Prescribing patterns suggest that financial, not clinical, considerations are denying neurologists the freedom to prescribe, as the hon. Member for South Cambridgeshire (Mr. Lansley) rightly suggested. With the recent European licensing of beta-interferon to treat the more severe secondary progressive form of the disease, the need for clarity and direction from the Government is more urgent than ever. As Stephen Thornton, the chief executive of the NHS Confederation, said, To avoid the charge of postcode prescribing, we need urgent Government clarification. We need Government clarification not just of current prescribing for relapsing-remitting MS, but of future prescribing policy.

A series of statements and so on by Ministers has begun to call into question the efficacy of beta-interferon. Indeed, in November, the then Minister of State, the right hon. Member for Darlington (Mr. Milburn), said that the Department would be commissioning new research into the appropriate usage of beta-interferon, and we will be issuing new guidelines before too long to ensure greater national consistency in the uptake of the drug."—[Official Report, 10 November 1998; Vol. 319, c. 132.] I am sure that hon. Members on both sides of the House would welcome that, and hope that that guidance is on its way. In a subsequent written answer in response to a question that I tabled, however, the Minister said that there are still many unanswered questions about the drug's appropriate use.

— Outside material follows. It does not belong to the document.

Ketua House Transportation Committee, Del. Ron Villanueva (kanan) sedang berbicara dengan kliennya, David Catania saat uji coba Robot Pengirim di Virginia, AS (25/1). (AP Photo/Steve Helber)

In a letter to the hon. Member for North-East Derbyshire (Mr. Barnes) in January, which I am grateful to have had the opportunity to see, the present Minister of State said: There are still continuing doubts over the clinical and cost-effectiveness of the drug arising from soundly based clinical trials. Proposals for a national clinical trial into Beta-interferon are at an advanced stage, and a final decision will shortly be taken". Those statements raise some questions. I hope that the Minister can give some answers.

When will the new guidelines be issued, especially for the secondary progressive condition? Will beta-interferon continue to be available, albeit under the unsatisfactory regime, outside the rules of the proposed national trial? How long will the national trial last before new guidelines are published, in order that there may be greater consistency, which the Minister promised at the Dispatch Box only in November?

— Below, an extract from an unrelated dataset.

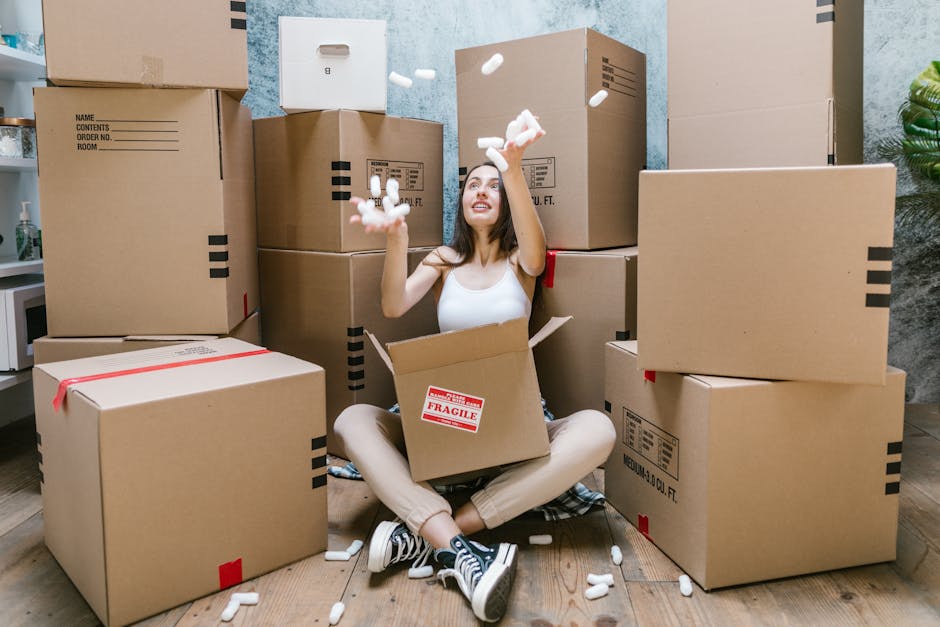 A professional removalist from Removals Haringey stands inside an empty, well-lit room with white walls and wooden flooring, holding a cardboard moving box in his right hand. The box has red and black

Secondly, as well as mapping the patchwork nature of prescribing, the Association of Quality in Healthcare study found inadequate planning, lack of consultation and poor management information—indeed, 46 per cent. of health authorities do not appear to contract for MS diagnostic, treatment or rehabilitation services. It is little more than a lottery whether a patient sees a neurologist who has specialist knowledge to deal with MS. That lack of planning cries out for a national service framework. Will the new National Institute for Clinical Excellence be given an early task: to consider MS services in the round—not just prescription—so that MS sufferers can be certain that they will receive a good standard of service no matter where they live?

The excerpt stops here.